Hmm, makes me feel good that they don’t have Fios where I live yet. I inquired about it too. We went with a cable connection instead. I’ll have to try the speed test when I get home. Thanks!
yea, that’s pretty poor customer service for sure. But, you got what you were looking for!
You still got me by a few kbps -
Let’s see if your comment section takes images:
http://myinvestingblog.com/MIBimages/mib%20speakeasy.JPG
Hm - apparently it didn’t like my image post, or maybe I live in quarantine now - but in case it did neither, I said it’s a pain that you got such crappy customer service from them but good that you got in! My speed is HERE, and you’ve got my by a few kbps. ![]()

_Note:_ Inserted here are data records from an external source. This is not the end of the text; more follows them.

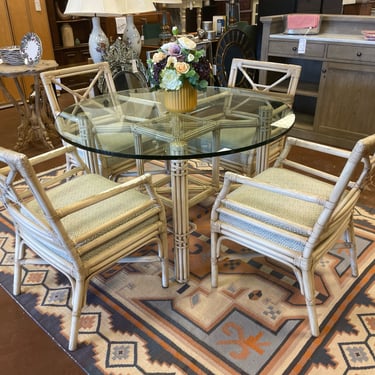 Glass Top Rattan Dining Table with Four Rattan Chairs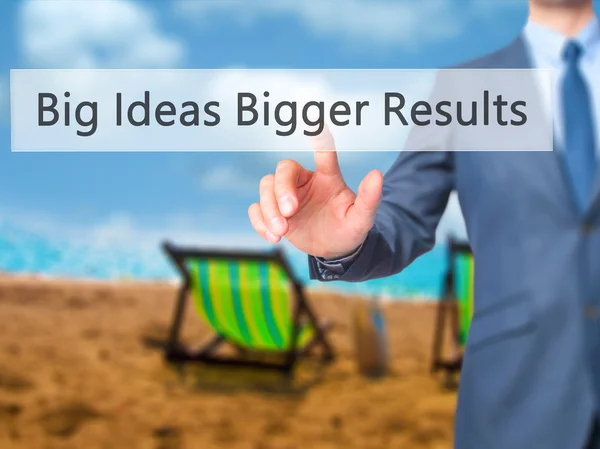 Big Ideas Bigger Results - Businessman pressing virtual button — Stock Photo, Image
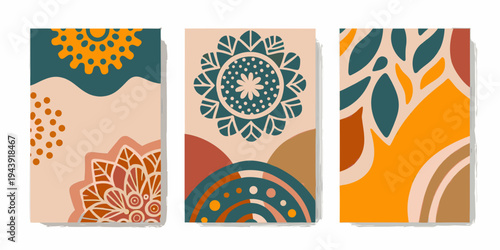 Abstract botanical triptych with geometric shapes and warm color palettes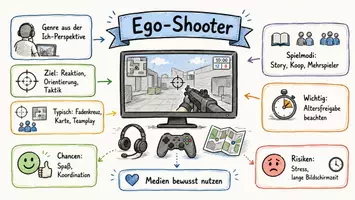 Vorschau - Arbeitsblätter - Arbeitsblätter zum Thema "Ego-Shooter" + Lösung & MP3 + Infografik - Seite 1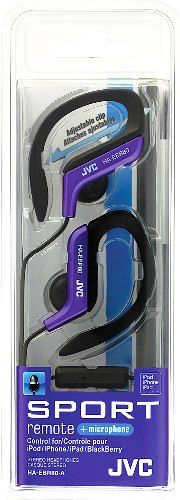 JVC HA-EBR80-A Sport Ear Clip Stereo Headphones with Microphone + Remote, Blue, 200mW(IEC) Max. Input Capability, Frequency Response 16-20000Hz, Nominal Impedance 16ohms, Sensitivity 105dB/1mW, 1-button remote and mic for iPhone/iPod/iPad/BlackBerry, Adjustable clip structure which has five selectable position for secure fit, UPC 046838064241 (HAEBR80A HAEBR80-A HA-EBR80A HA-EBR80)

@FFB: Now that some time has passed, I feel a bit better about the whole thing now. They really went out of their way to help us out and gave us some good direction on getting our land lord to rewire the place. Supposedly the data transfer does not discriminate from video on demand and your internet connection so it jumps close to 30 when you have on demand and I am curious to try it.
@hank: Nah your not in quarantine, I think the comments don’t allow for it…one more thing on my list of things to fix! You put up some good numbers though!

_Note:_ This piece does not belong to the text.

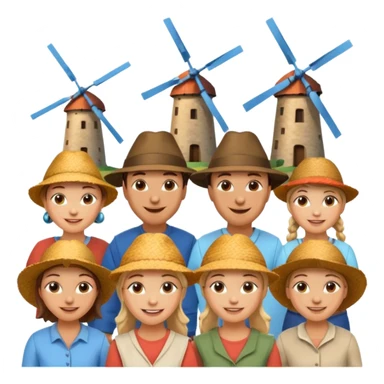  People WEARİNG ÇİFTÇİ HAT with  Windmills sticker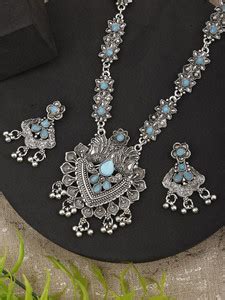 DEGHLAM Zinc Silver Blue Jewellery Set Price in India - Buy DEGHLAM ...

Just to clarify, Verizon does typically run fiber to the dwelling in the case of a single family home, however, in an apartment scenario they generally run FIOS to the phone closet for the building and then break out the fiber into VDSL (Very High Speed DSL) service to be able to distribute it to the individual residences via POTS. So while it is DSL coming into your apartment, its leaps and bounds beyond standard DSL. Sounds like in your situation the phone lines would be the issue, doesn’t look to be affecting the throughput though! Nice.